### AIM OF THE EXERCISE
Could the data below be copied exactly, minus the pictures?

### Source records
======

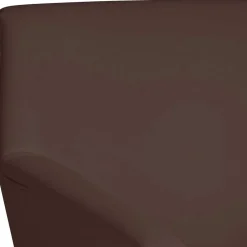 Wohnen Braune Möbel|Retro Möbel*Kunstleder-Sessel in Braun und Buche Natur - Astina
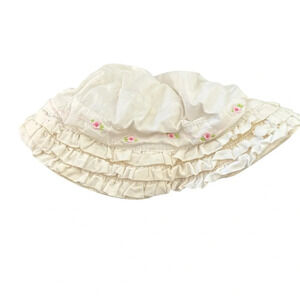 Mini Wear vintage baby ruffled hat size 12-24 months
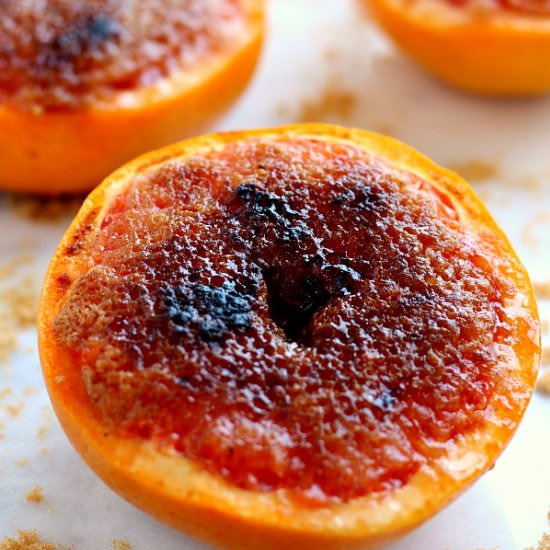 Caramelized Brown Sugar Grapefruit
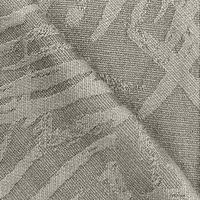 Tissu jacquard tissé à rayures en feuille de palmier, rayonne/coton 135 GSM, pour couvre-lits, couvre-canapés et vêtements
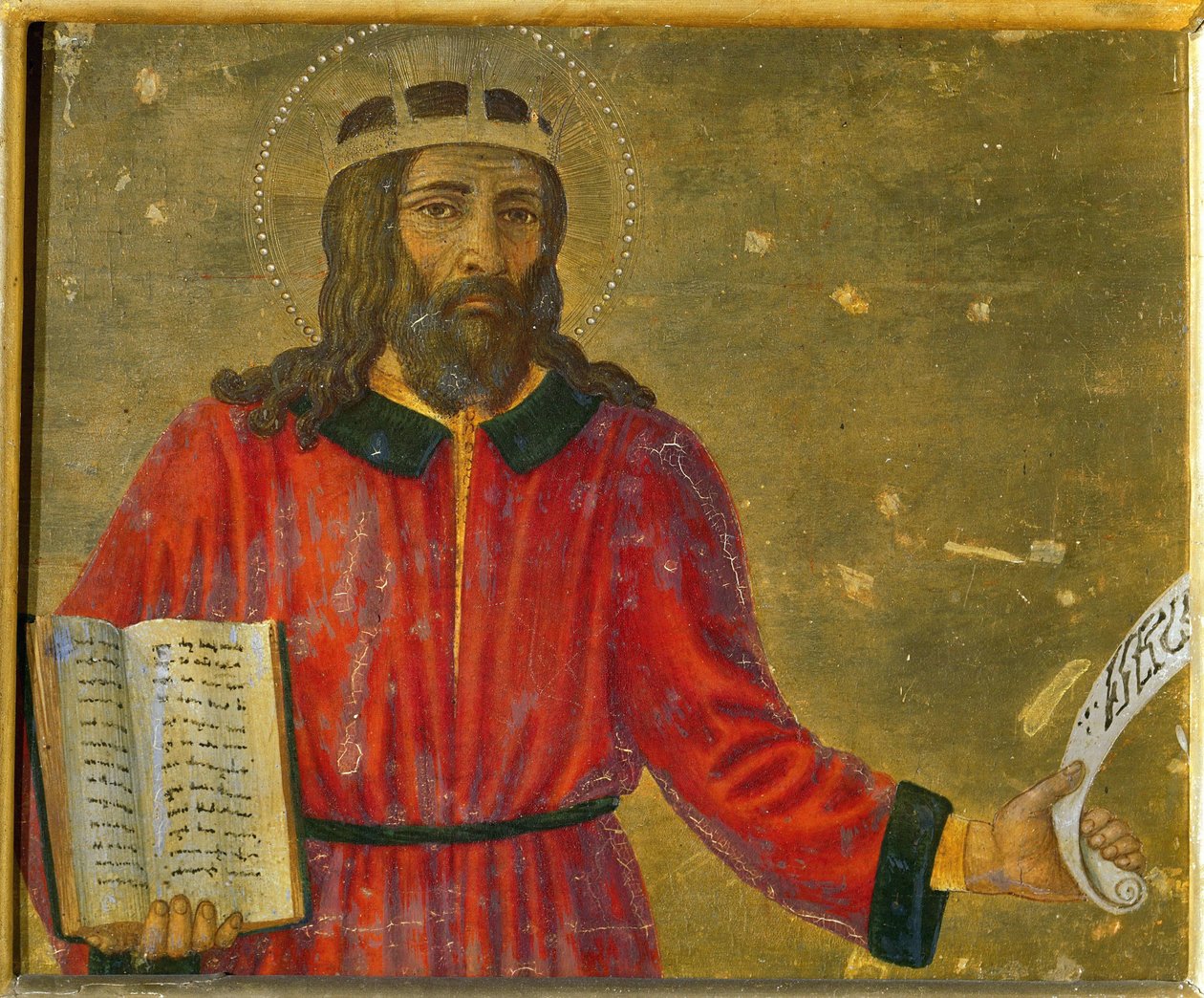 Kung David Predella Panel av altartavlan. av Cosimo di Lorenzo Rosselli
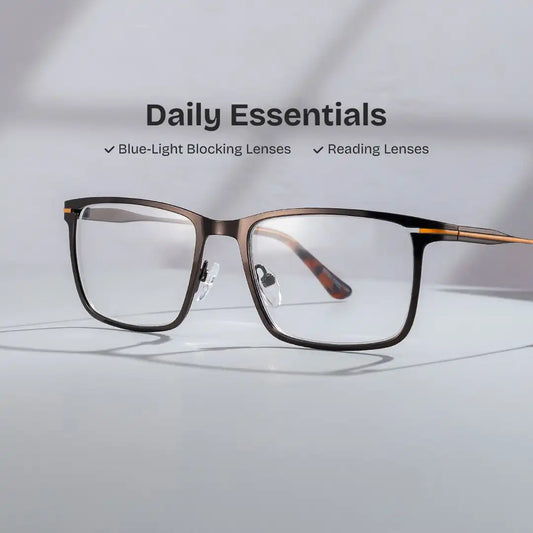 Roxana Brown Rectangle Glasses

======

### SOLUTION FOR THIS TASK
 Wohnen Braune Möbel|Retro Möbel*Kunstleder-Sessel in Braun und Buche Natur - Astina
 Mini Wear vintage baby ruffled hat size 12-24 months
 Caramelized Brown Sugar Grapefruit
 Tissu jacquard tissé à rayures en feuille de palmier, rayonne/coton 135 GSM, pour couvre-lits, couvre-canapés et vêtements
 Kung David Predella Panel av altartavlan. av Cosimo di Lorenzo Rosselli
 Roxana Brown Rectangle Glasses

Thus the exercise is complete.